Sharing this prompt is also an example of the kind of AI use I want to encourage at AirGradient. I had thoughts I wanted to communicate, but I didn't have the time to spend hours turning them into a polished article. Instead, I invested that time differently: into creating a detailed, carefully considered prompt that captured my real views, and then into editing the output until it actually said what I meant. It's not a human-written article, and it's not an AI-written article either. It's something in between, and I think that's fine, as long as long as a human remains responsible for every claim, and as long as the thinking behind it is yours.
Original Prompt:
Write an opinion piece from Achim Haug, CEO of AirGradient covering the following:
- I am a strong proponent and believer in AI assistance and use it a lot, e.g. programming the mobile airgradient apps for ios and android, using it for data analysis, for proposal writing etc.
- I motivate my team to really push the boundaries of what’s possible with AI, however there are a few no-goes:
- Never use AI written emails to communicate with customers
- Never use AI generated images in our blog post or on our website
- If we use AI for writing blog content, we need to edit it heavily and make sure it does not sound AI and really brings benefits and is interesting for the reader
- Always keep the human touch, work with people, connect with communities, be humble
- I strongly believe that if we use AI correctly, we can hugely benefit from it as a company but we need to control it and always be aware what we do, what the AI is doing and how it impacts our wider community
- It’s great to see that our staff is using AI more and more and doing cool stuff with it. I see our development team getting faster, I can see our documentation and customer support getting better, I see we can do more challenging tasks. There are many positive examples throughout the whole AirGradient team.

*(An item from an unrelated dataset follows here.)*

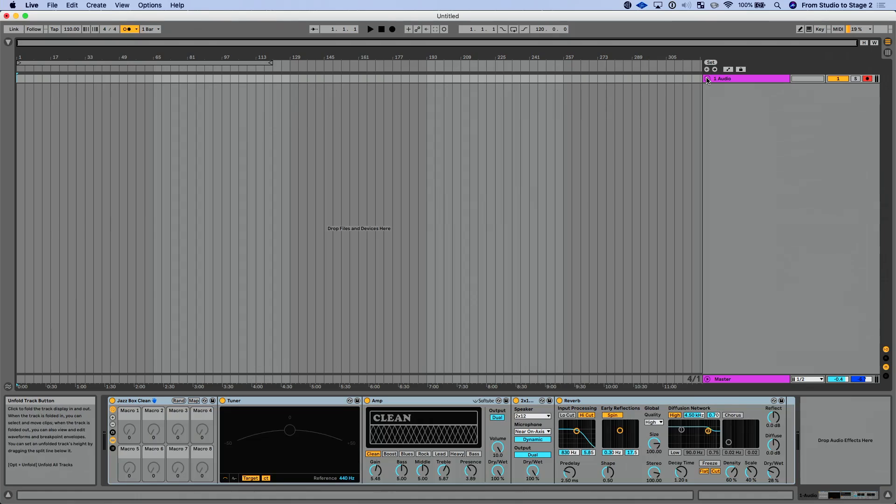In this lesson, I want to talk about take recording and comping, which I think is very easily the best feature of Live 11. If you've ever recorded in Ableton Live 10 or previous versions, you're really going to love this. I've got my Ableton Live session set up and I'm just going to record a couple of guitar parts here and let's see what happens.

- HOWEVER, I also see something that worries me. It seems some of our staff is awestruck by the AI and STOPS THINKING. Recent Examples:
- AI writes an email to a customer which sounds great but is factually incorrect and also does not fit to the verbal language skills of the sender.
- AI helped to analyse a big dataset and created an awesome looking chart, but the chart just didn’t make sense when you looked closer to it (e.g. axis was wrongly labelled etc).
- AI helped to develop a methodology for data analysis that was inherently not consistent and would not have worked in real life, but it created some cool looking formulas.
- AI analysed a large legal document but did not read the attachments and came to some wrong conclusions.
- AI created code for training a machine learning model, but it seemed the training had zero effect but automated tests that the AI showed results that were not realistic (and not human verified)
- In all these cases, the results was presented to me. By carefully looking at the data, asking some questions, within minutes it became obvious that what was presented was not methodologically sounds, or in some cases plain wrong.
- These are all smart people from our staff, and just by asking my questions, it became very quickly obvious to them that there were major short comings in their presentation.
- I wonder why did that happen? I have the feeling that the AI makes a blindly trust the result? Does it make switch off our brain?
- What is the danger of this? Does my push for using AI, actually makes our staff dumber?
For above article, also make some research into that issue. Maybe you find some relevant research that we can quote.
Be quite reflective and opinionated on this piece. I want people to really reflect on this.
In the end this is about how a company should use AI, how we can make sure our employees benefit from it, how we can stay innovative and competitive.